_Aim of the task_
Below is a listing; restate from it, character for character, the lines beginning at the line holding "Yellow Chiminea Delivered" and ending at the line holding "Fruit animated learning", both included.

_Given records_
-*-*-
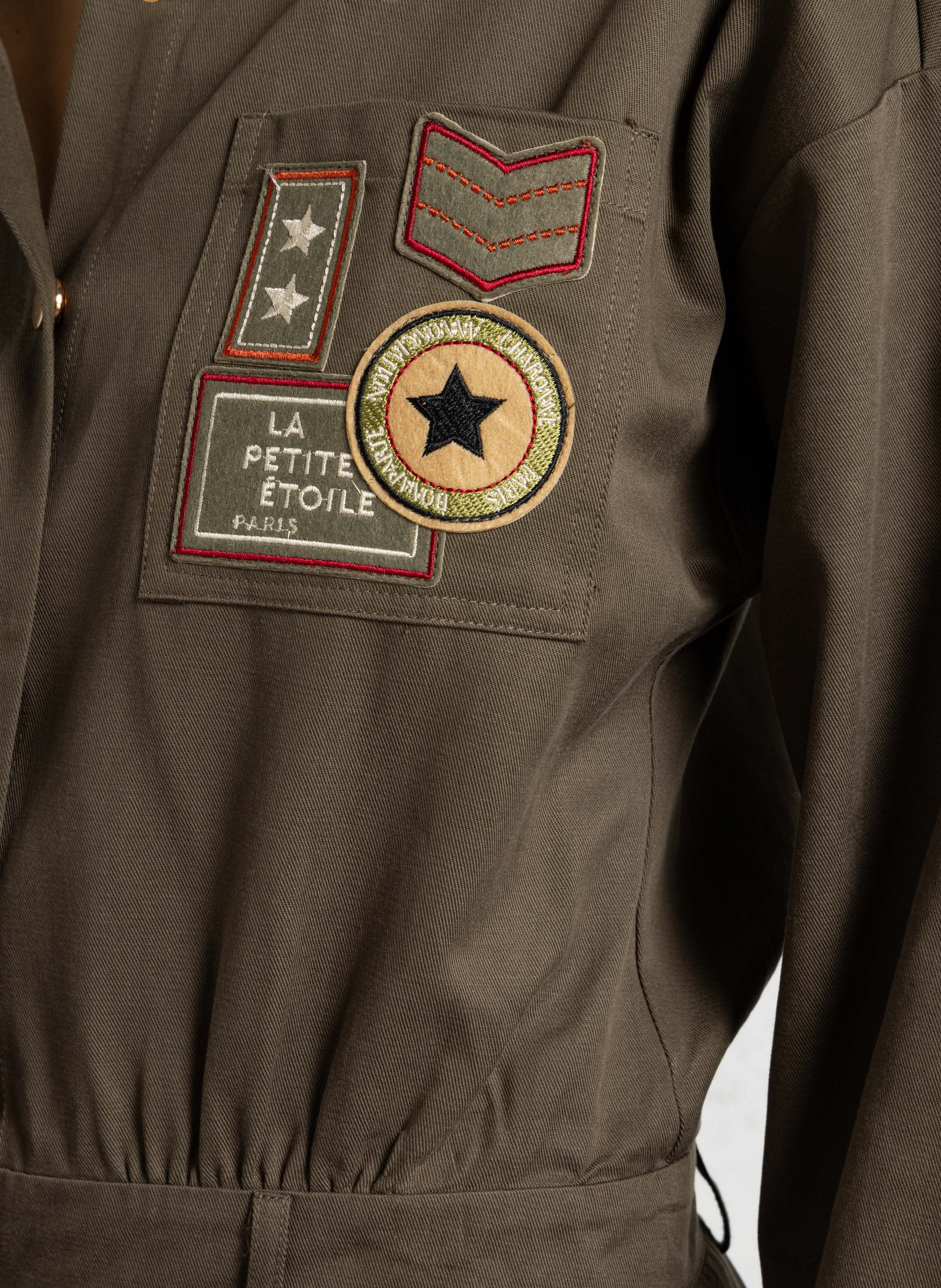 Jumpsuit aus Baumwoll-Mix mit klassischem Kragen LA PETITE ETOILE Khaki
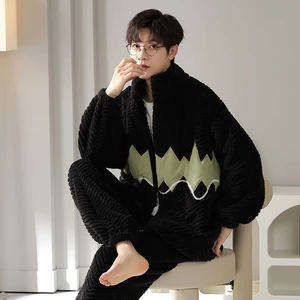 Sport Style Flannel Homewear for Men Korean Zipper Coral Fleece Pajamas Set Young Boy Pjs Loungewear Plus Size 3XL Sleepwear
-*-*-
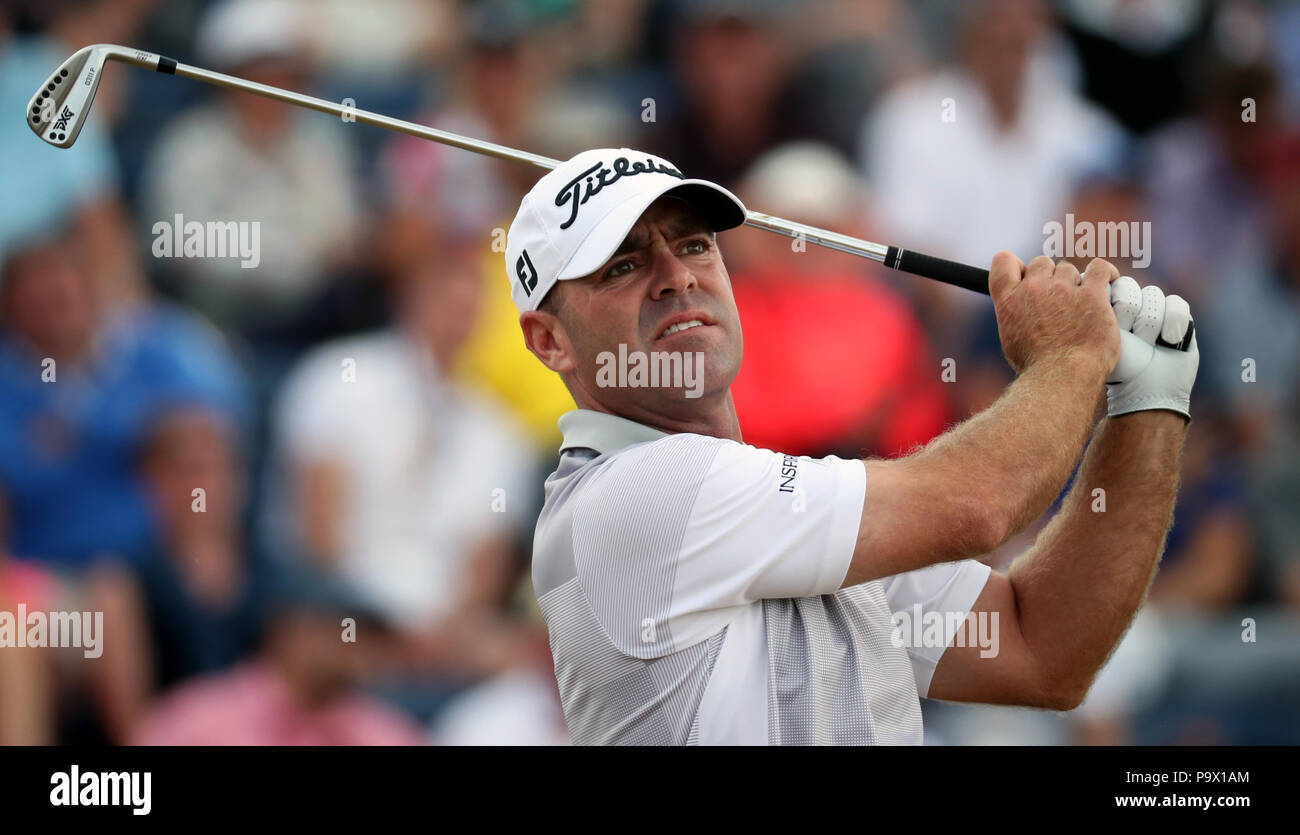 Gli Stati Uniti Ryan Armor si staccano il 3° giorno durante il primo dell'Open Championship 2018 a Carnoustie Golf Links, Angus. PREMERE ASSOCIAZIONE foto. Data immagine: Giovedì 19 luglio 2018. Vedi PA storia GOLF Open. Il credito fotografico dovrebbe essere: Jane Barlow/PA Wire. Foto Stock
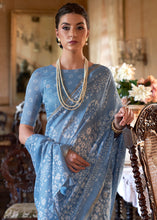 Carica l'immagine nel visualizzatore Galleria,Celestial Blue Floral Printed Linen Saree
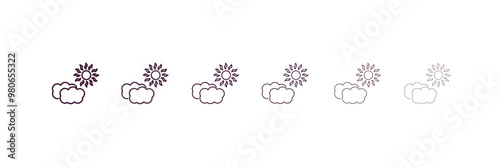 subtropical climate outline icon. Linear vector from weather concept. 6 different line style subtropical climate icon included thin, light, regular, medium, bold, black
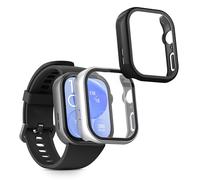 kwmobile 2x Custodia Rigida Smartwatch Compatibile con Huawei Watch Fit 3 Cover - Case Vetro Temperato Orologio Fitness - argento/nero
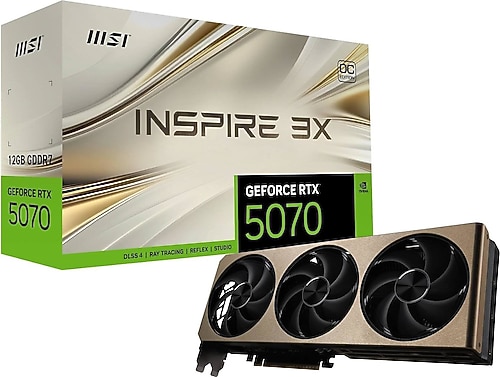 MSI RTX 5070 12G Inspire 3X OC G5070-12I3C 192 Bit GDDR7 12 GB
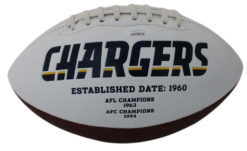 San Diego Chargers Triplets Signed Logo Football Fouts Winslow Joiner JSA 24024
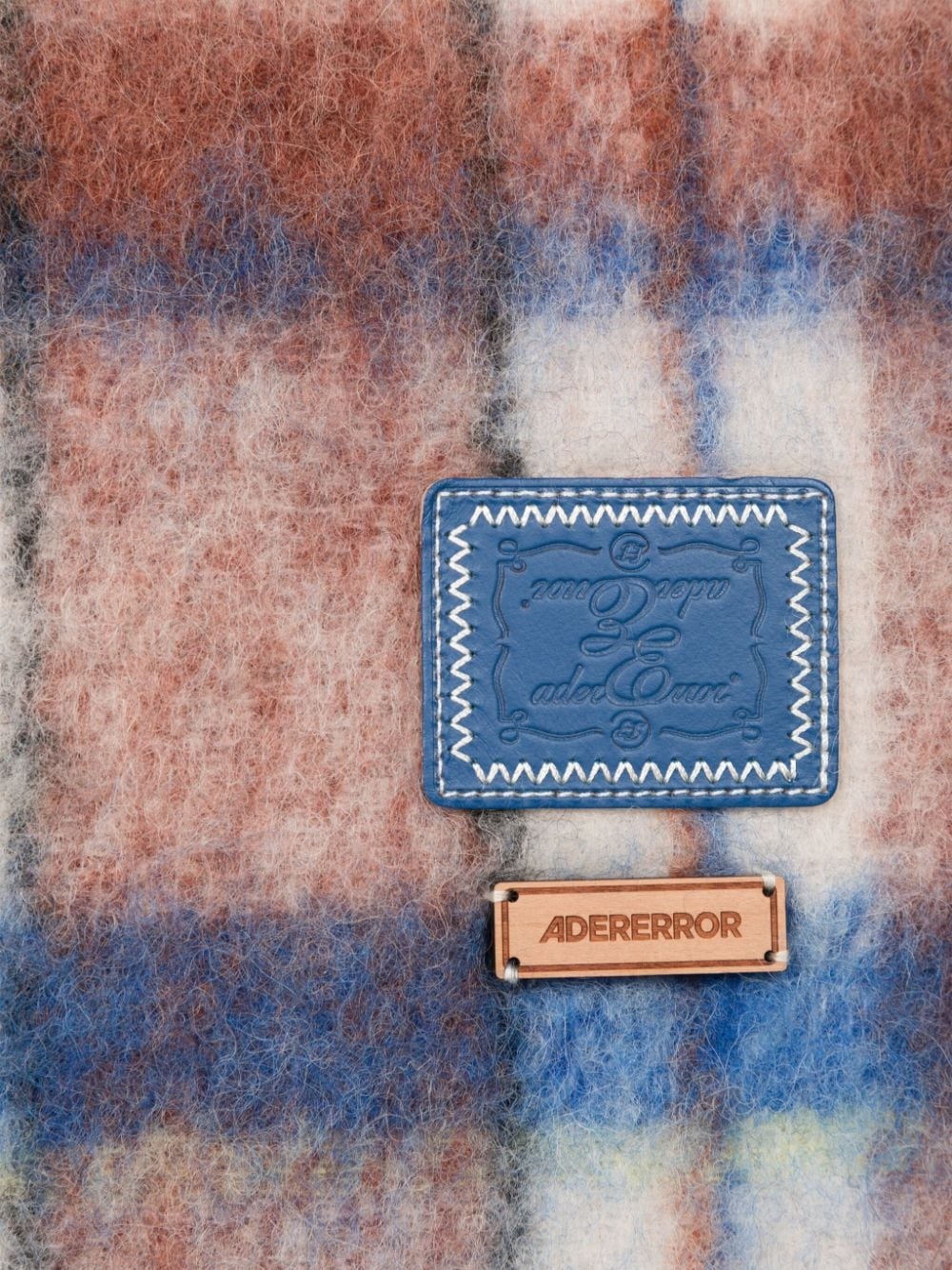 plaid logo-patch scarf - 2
-*-*-
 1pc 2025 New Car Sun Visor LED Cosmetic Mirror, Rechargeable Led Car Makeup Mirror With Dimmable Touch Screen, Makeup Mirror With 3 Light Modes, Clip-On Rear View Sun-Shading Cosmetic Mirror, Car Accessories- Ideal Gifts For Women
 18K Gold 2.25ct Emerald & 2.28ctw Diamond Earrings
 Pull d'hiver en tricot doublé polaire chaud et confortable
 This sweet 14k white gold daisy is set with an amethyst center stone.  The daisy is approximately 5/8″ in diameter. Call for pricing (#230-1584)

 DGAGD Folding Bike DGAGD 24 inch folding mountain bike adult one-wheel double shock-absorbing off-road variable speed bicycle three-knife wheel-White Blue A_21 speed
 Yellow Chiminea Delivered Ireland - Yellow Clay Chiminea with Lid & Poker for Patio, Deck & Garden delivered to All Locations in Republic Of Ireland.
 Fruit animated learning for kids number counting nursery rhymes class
-*-*-
_Solution_
 Yellow Chiminea Delivered Ireland - Yellow Clay Chiminea with Lid & Poker for Patio, Deck & Garden delivered to All Locations in Republic Of Ireland.
 Fruit animated learning for kids number counting nursery rhymes class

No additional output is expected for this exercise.